The military launched an assault on Saturday against dozens of Abu Sayyaf militants hiding in and around a remote village on Jolo island, where the militants are holding two European tourists and a Japanese.
Marines, backed by police forces and a pro-government militia unit, launched the ground assault after acting on tip-offs from locals, local commander Colonel Jose Johriel Cenabre told AFP.
"Our firepower was controlled because we did not want any collateral damage. It was a surgical strike," Cenabre said.
He said six militants were killed and six others were wounded during a 15-minute assault, but about 50 escaped after they put up strong resistance with heavy return fire.
Cenabre said it was not immediately clear whether the hostages were with the militants when fighting erupted.
"But I can assure you that based on intelligence reports they are alive and still being kept on the island," he said.
The Abu Sayyaf seized Dutchman Ewold Horn and Swiss national Lorenzo Vinciguerra in the Tawi-Tawi island group near Jolo in February 2012, while Amer Mamaito Katayama of Japan was abducted on the nearby island of Pangutaran in July 2010.
Founded in the 1990s, the Abu Sayyaf is a small gang of self-styled Islamic militants blamed for the country's worst terror attacks, including bombings and kidnappings.
The military says its ranks have dropped to about 300, from over 1,000 early in the previous decade, following US-assisted military operations that led to the capture or death of its key leaders.
US Special Forces have been rotating through Jolo and other parts of the southern Philippines for more than a decade to train local troops battling the group, which is on Washington's list of "foreign terrorist organisations".
But the Abu Sayyaf has remained a potent threat on Jolo and its other strongholds, being able to kidnap foreigners and locals, as well as launch deadly attacks against security forces.

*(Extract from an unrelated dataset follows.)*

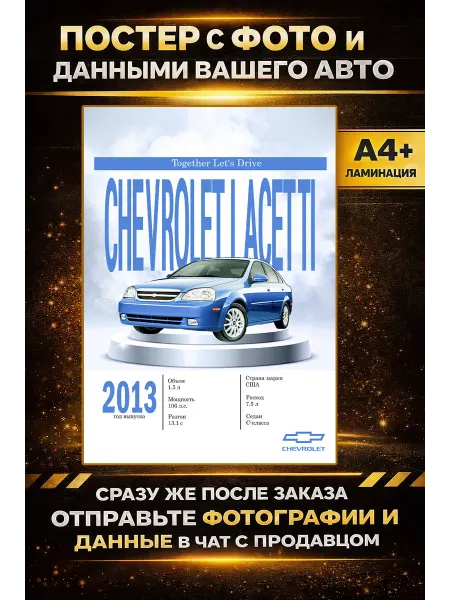 Постер с фото и данными вашего авто CHEVROLET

The Abu Sayyaf is able to survive partly because it retains support from local Muslim communities in the south, one of the poorest regions of the mainly Catholic country.
A Jordanian journalist held captive by the Abu Sayyaf in Jolo jungles for 18 months escaped in December, while an Australian national seized in 2011 was freed early last year after negotiators said his family paid ransom.